Their per capita incomes and currency values are a few multiples of ours. For example Singapore and S. Korea’s per capita incomes are US$35,400 and US$16,700 respectively while Malaysia is lagging badly at a mere US$8000. S. Korea has also exceeded us in technological products and has many global brands while all we have is Proton which cannot compete outside its domestic protected market
We appear to be stuck in the middle income trap. On one hand we are unable to compete with low cost countries such as China, India and Vietnam but on the other hand we are unable to move up the value chain to a high income knowledge based economy due to lack of skilled workers. We are unable to attract skilled foreigners to our shores while skilled Malaysians are leaving in droves. Meanwhile we are importing masses of low skilled foreigners which depress our wages. As a result our wages have remained stagnant for the past 15 years while the cost of living has escalated. The net result is that the standard of living of ordinary Malaysians is regressing due to depreciation of real income while our income gap is the widest in Asia.
The economy of a country cannot be treated in isolation to its social, human and political factors. It is closely interrelated to education, meritocracy, corruption, natural resources, productivity, creativity, democracy and rule of law among others. A strong and robust economy is the net result of good governance, good policies and proper use of resources and is reflected in the happiness and wellbeing of its citizens. In this article I shall try to explain how Malaysia has stumbled and sowed the seeds of its economic decline.
If any single factor can be blamed for the poor health of the Malaysian economy it is racial policies. Meritocracy is the natural selection of the economy; it ensures that the best and brightest people and companies rise to the top just as natural selection in the ecosystem ensures that the strongest and fittest organisms survive and propagate for the wellbeing of the species. If race has replaced meritocracy as the qualifying factor it means that we are not making full use of our human and natural resources with detrimental effect on our competitiveness.
Even worse, racial policies as embodied in the NEP has encouraged rent seeking and created a culture of bumiputraism where rewards are expected by a privileged group without the requisite effort. It has also led to patronage in the form of negotiated and bloated contracts such as those given to IPPs and toll concessionaires which distort economic efficiency with consequent higher cost to consumers.
Exclusion of other races from government tender and procurement means that the government does not get the best price or the best vendors.
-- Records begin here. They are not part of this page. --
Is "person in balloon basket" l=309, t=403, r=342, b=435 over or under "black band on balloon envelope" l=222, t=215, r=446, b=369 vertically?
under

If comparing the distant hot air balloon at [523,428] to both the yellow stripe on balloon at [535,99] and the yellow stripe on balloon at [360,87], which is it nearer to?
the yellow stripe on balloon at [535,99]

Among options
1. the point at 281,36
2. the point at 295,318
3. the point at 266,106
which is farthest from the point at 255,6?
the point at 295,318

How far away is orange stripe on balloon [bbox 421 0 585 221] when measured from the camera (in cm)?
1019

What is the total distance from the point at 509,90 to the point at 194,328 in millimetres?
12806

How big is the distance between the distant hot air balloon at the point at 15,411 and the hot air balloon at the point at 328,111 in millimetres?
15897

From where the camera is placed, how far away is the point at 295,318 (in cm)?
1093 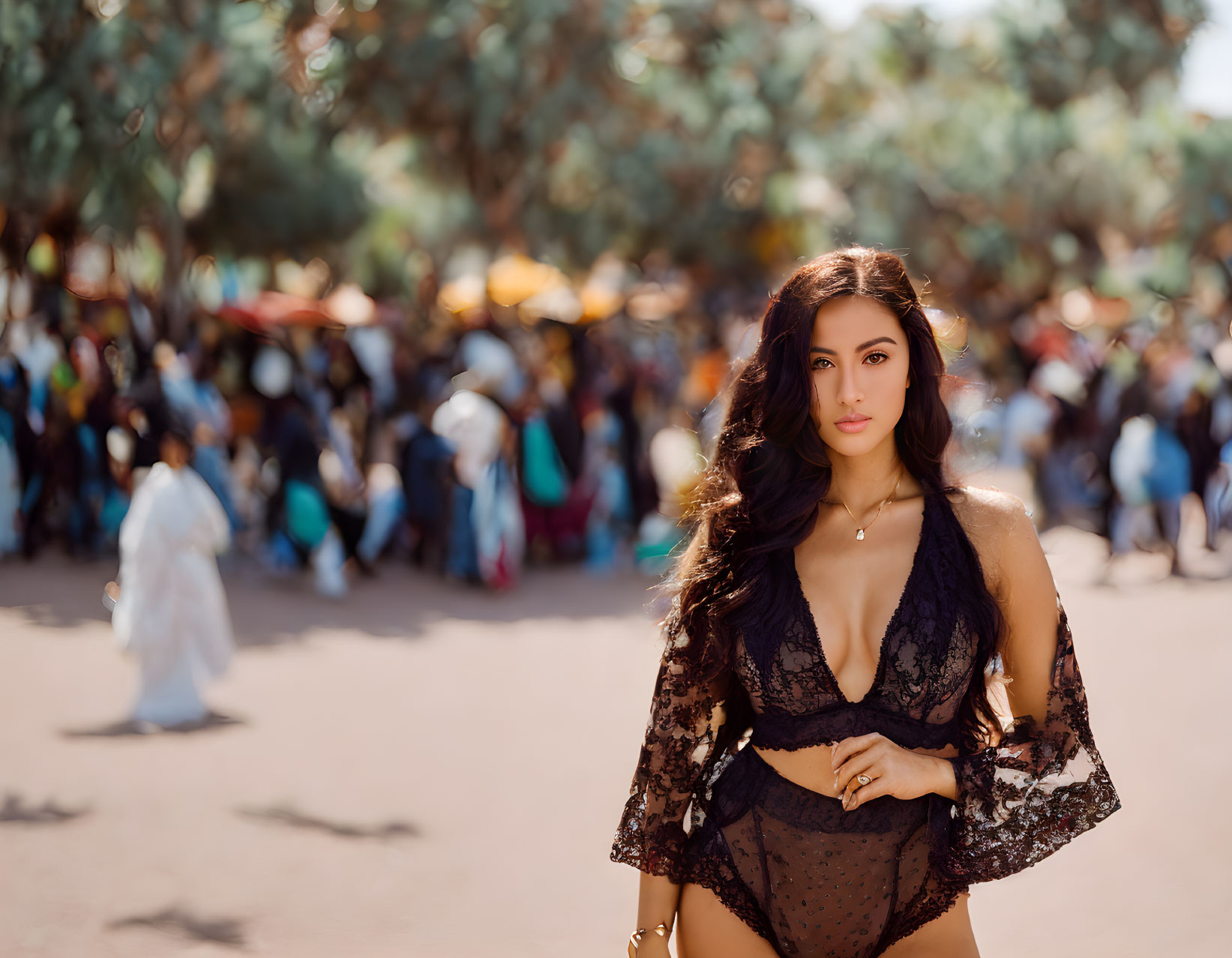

The preferential treatment and government assistance given to bumiputra contractors, suppliers and entrepreneurs shield them from real market forces which would have made them stronger and more competitive.
The special economic privileges espoused by bumiputraism require the productivity of other races to sustain. The government cannot give something for free to anybody without taking it from someone else who must give it up for free. Essentially this means a lower overall productivity and an injured entrepreneur spirit among the minority races.
Unfortunately Malaysia’s racial policies cover more than just economic privileges, it also intrude into education, employment, sports, licensing, government linked investment funds, buying houses, petrol station dealerships and new share applications and indeed into every facet of human endeavour. It is sad to say that racial policies are woven into the very fabric of Malaysian society.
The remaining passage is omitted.